Florence-2

Overview¶

Florence-2 is a lightweight vision-language model open-sourced by Microsoft under the MIT license. It offers strong zero-shot and fine-tuning capabilities for tasks such as image captioning, object detection, visual grounding, and segmentation. Despite its compact size, training on the extensive FLD-5B dataset (126 million images and 5.4 billion annotations) enables Florence-2 to perform on par with much larger models like Kosmos-2. You can try out the model via HF Spaces, Google Colab, or our interactive playground.

Install¶

pip install "maestro[florence_2]"

Train¶

The training routines support various optimization strategies such as LoRA, and freezing the vision encoder. Customize your fine-tuning process via CLI or Python to align with your dataset and task requirements.

CLI¶

Kick off training from the command line by running the command below. Be sure to replace the dataset path and adjust the hyperparameters (such as epochs and batch size) to suit your needs.

maestro florence_2 train \
  --dataset "dataset/location" \
  --epochs 10 \
  --batch-size 4 \
  --optimization_strategy "lora" \
  --metrics "edit_distance"

Python¶

For more control, you can fine-tune Florence-2 using the Python API. Create a configuration dictionary with your training parameters and pass it to the train function to integrate the process into your custom workflow.

from maestro.trainer.models.florence_2.core import train

config = {
    "dataset": "dataset/location",
    "epochs": 10,
    "batch_size": 4,
    "optimization_strategy": "lora",
    "metrics": ["edit_distance"],
}

train(config)

Load¶

Load a pre-trained or fine-tuned Florence-2 model along with its processor using the load_model function. Specify your model's path and the desired optimization strategy.

from maestro.trainer.models.florence_2.checkpoints import (
    OptimizationStrategy, load_model)

processor, model = load_model(
    model_id_or_path="model/location",
    optimization_strategy=OptimizationStrategy.NONE
)

Predict¶

Perform inference with Florence-2 using the predict function. Supply an image and a text prefix to obtain predictions, such as object detection outputs or captions.

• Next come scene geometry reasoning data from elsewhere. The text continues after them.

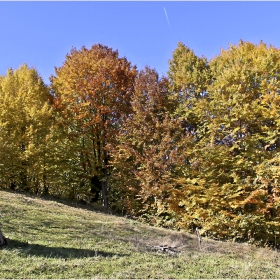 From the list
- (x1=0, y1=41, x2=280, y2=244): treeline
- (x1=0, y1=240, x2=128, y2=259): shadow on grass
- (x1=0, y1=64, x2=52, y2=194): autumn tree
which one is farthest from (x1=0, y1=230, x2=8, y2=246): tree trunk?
(x1=0, y1=64, x2=52, y2=194): autumn tree

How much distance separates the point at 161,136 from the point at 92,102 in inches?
268

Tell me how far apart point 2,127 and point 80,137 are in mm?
6610

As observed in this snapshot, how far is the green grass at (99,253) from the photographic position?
7391 mm

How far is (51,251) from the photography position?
8688 mm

from maestro.trainer.common.datasets.jsonl import JSONLDataset
from maestro.trainer.models.florence_2.inference import predict

ds = JSONLDataset(
    jsonl_file_path="dataset/location/test/annotations.jsonl",
    image_directory_path="dataset/location/test",
)

image, entry = ds[0]

predict(model=model, processor=processor, image=image, prefix=entry["prefix"])